Work item »
Among the entries below, one stretch runs from the line that contains "This image shows" through the line that contains "40-ft tall Khairatabad Ganesh idol immersed, Ganapathi". Repeat that stretch exactly, ends included, and only that.

Supplied material »
※ ※ ※

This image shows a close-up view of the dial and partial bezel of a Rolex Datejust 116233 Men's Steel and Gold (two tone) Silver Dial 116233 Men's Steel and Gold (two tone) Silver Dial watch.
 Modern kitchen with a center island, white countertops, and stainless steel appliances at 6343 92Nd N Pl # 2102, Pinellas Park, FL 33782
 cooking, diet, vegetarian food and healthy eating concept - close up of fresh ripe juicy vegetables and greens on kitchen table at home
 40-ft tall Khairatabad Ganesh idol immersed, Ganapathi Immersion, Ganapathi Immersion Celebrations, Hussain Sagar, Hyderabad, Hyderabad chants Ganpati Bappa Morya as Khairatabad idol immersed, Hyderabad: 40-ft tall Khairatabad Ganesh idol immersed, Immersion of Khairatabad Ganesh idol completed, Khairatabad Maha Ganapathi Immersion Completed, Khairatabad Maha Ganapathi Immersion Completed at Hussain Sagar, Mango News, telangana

※ ※ ※

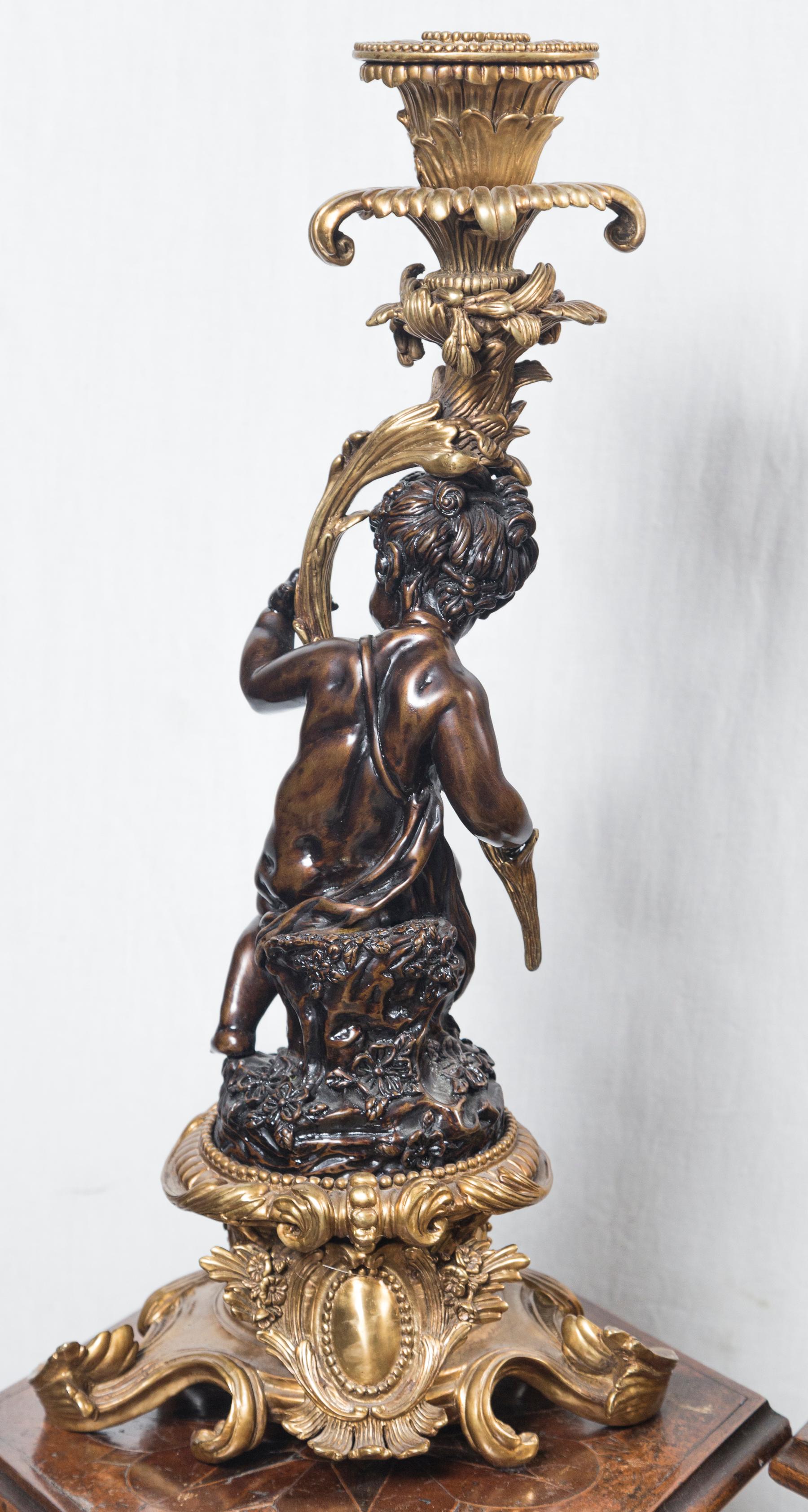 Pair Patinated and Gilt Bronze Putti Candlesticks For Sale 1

※ ※ ※

Answer to this problem »
This image shows a close-up view of the dial and partial bezel of a Rolex Datejust 116233 Men's Steel and Gold (two tone) Silver Dial 116233 Men's Steel and Gold (two tone) Silver Dial watch.
 Modern kitchen with a center island, white countertops, and stainless steel appliances at 6343 92Nd N Pl # 2102, Pinellas Park, FL 33782
 cooking, diet, vegetarian food and healthy eating concept - close up of fresh ripe juicy vegetables and greens on kitchen table at home
 40-ft tall Khairatabad Ganesh idol immersed, Ganapathi Immersion, Ganapathi Immersion Celebrations, Hussain Sagar, Hyderabad, Hyderabad chants Ganpati Bappa Morya as Khairatabad idol immersed, Hyderabad: 40-ft tall Khairatabad Ganesh idol immersed, Immersion of Khairatabad Ganesh idol completed, Khairatabad Maha Ganapathi Immersion Completed, Khairatabad Maha Ganapathi Immersion Completed at Hussain Sagar, Mango News, telangana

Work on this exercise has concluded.